Macro Is The Company's Biggest Tailwind
My favorite indicator to track future homebuilding sales and earnings is the year-on-year growth rate of nationwide building permits. As filing for a permit is one of the first things a future homeowner/homebuilder does, it tends to predict new orders of homebuilders very well. As you can see, in the second half of the 2019 calendar year, momentum started to shift to the upside resulting in building permits growth of more than 10%. The latest January data shows a surge to 18%. This is one of the highest growth rates since 2013.
As a result of this ongoing surge, I believe the company is right as both new orders and pricing are more than likely to recover and benefit sales and earnings in the second half of this year.
Takeaway
While I always liked the company's decision to stick to a high-income niche market, I have not used the stock as a trading vehicle. I liked companies that were able to catch lower-income/price demand as this market benefited more during the past period of falling housing prices.

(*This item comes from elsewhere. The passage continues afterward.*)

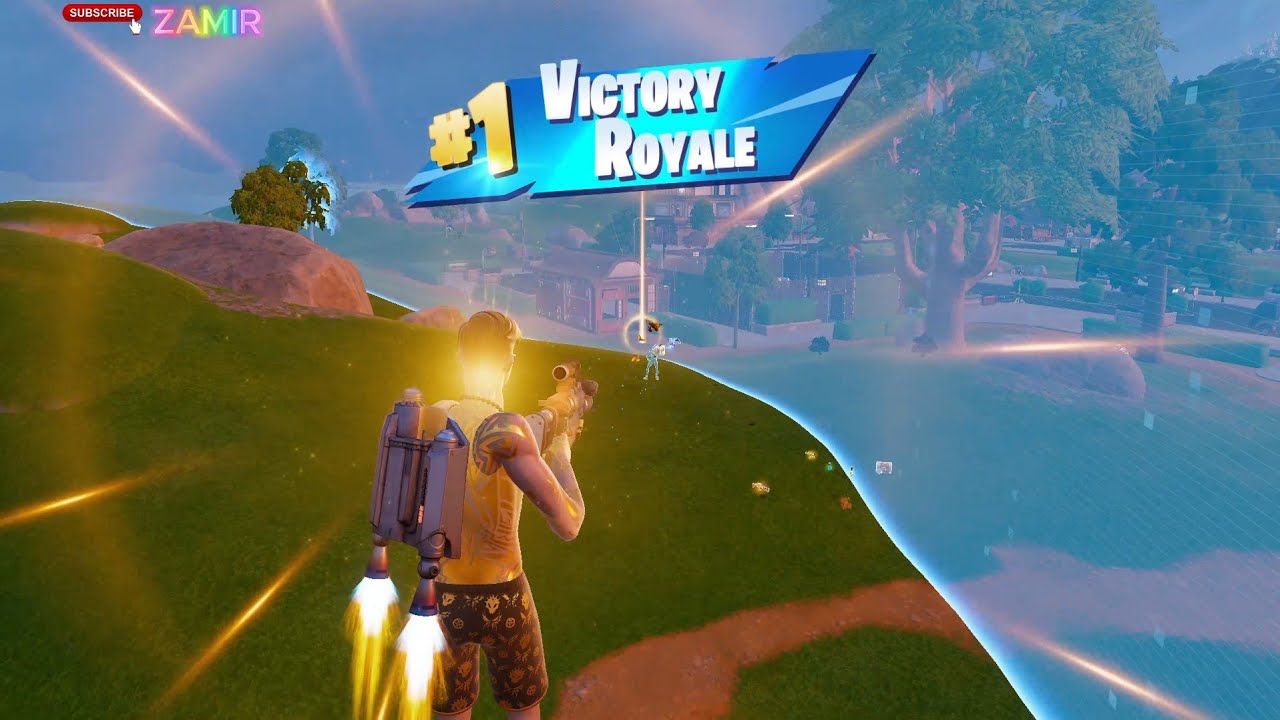 Fortnite STAR WARS Gameplay SUMMER MIDAS Skin Victory Royale 14 Eliminations (No Commentary)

Regardless, I think a lot of bad news has been priced in after the 14% post-earnings decline. The company is not reporting anything that could hint at prolonged troubles rising net income and I think the ongoing surge in new orders will continue to boost the company's bottom line.
After the recent stock price implosion, I think the current valuation of 9.4x earnings and 8.4x forward earnings is attractive. I am not buying but believe selling has gone too far. If you had this stock on your watchlist and are waiting for an entry, I think now could be a time to start buying a small number of shares. Keep in mind that the ongoing coronavirus uncertainties are doing a lot of damage to the market in general. Don't go overweight any cyclicals, but start buying small numbers of shares first. I look forward to seeing how Toll Brothers is doing in a much stronger market than 2019 and hope to see higher guidance in the next quarter.